## Recorded information
------

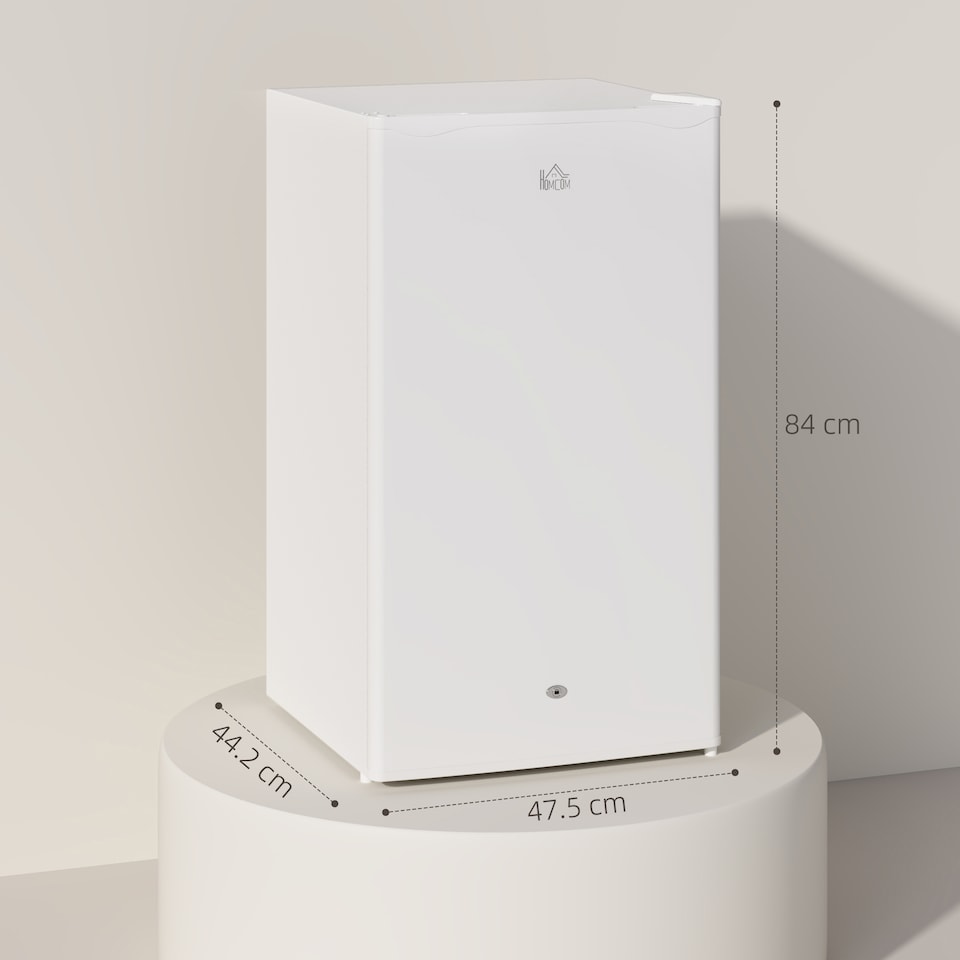 image 1 of HOMCOM 91L Freestanding Under Counter Fridge with Lock White | White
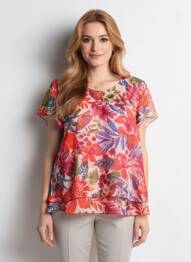 Top stretch manches courtes rose TELMAIL femme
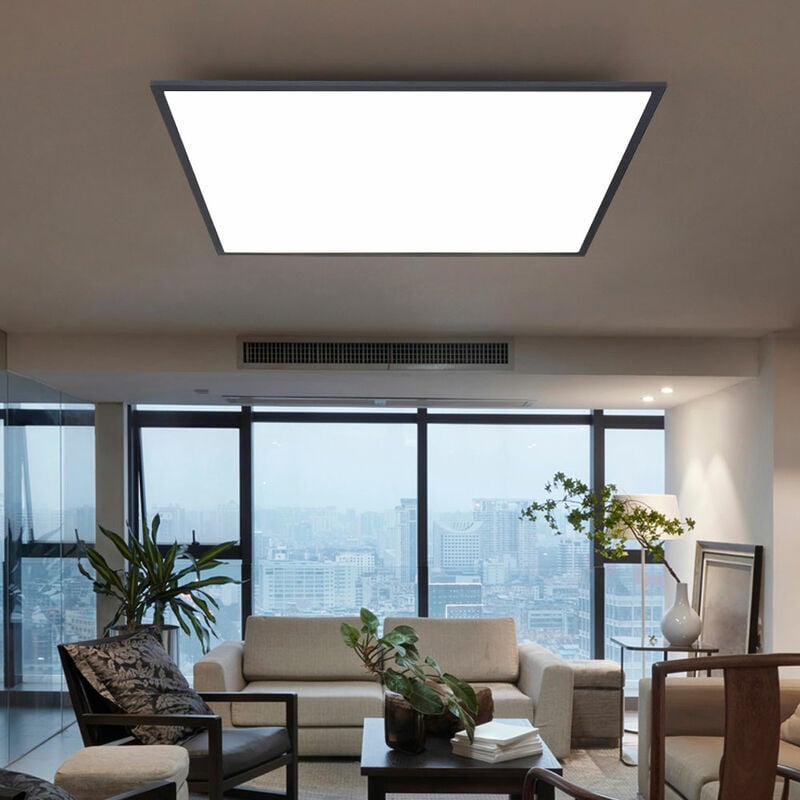 Plafonnier plat à panneau led Plafonnier led pour salon, carré alu noir opale blanc mat, 1x led 30 watt 2000 lumens blanc chaud, l 45 cm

------

## Aim of the exercise
Whenever a picture appears in the listing, leave it out; copy everything else exactly.

## Task answer
 image 1 of HOMCOM 91L Freestanding Under Counter Fridge with Lock White | White
 Top stretch manches courtes rose TELMAIL femme
 Plafonnier plat à panneau led Plafonnier led pour salon, carré alu noir opale blanc mat, 1x led 30 watt 2000 lumens blanc chaud, l 45 cm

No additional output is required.